The president is being told that he must negotiate with the MS-13 Republicans pushing the discharge petition for amnesty and that because they have the votes to pass it out of the House, we have no choice but to agree to amnesty to try to get something in return. Not at all. The president needs to threaten that he will veto any amnesty bill. He should publicly and privately direct Mitch McConnell not to bring the bill to the Senate floor, either. So, let it pass the House. Fine. Then use his leverage on the appropriation bills to get what he wants and shame every one of the MS-13 Republicans by name every day of the week.

As long as the president makes it clear that he will make this the Democrat/RINO MS-13 government shutdown, it will pressure McConnell to limit fake non-talking filibusters on budget bills.
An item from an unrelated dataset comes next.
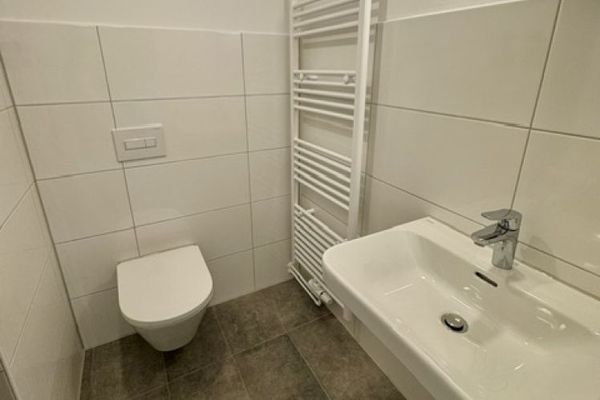Erstbezug nach Sanierung - 2 Zimmer Wohnung mit Balkon!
After dealing with the military and security in July and August, Trump can reserve September for a fight exclusively over non-security spending without the hostage of the military. The surging debt is preventing him from taking the good economic news to the next level.

Finally, the president needs to get involved in primaries and support only those who will push for his campaign agenda while defeating those undermining it. You can’t drain the swamp without actually reducing the supply of muck.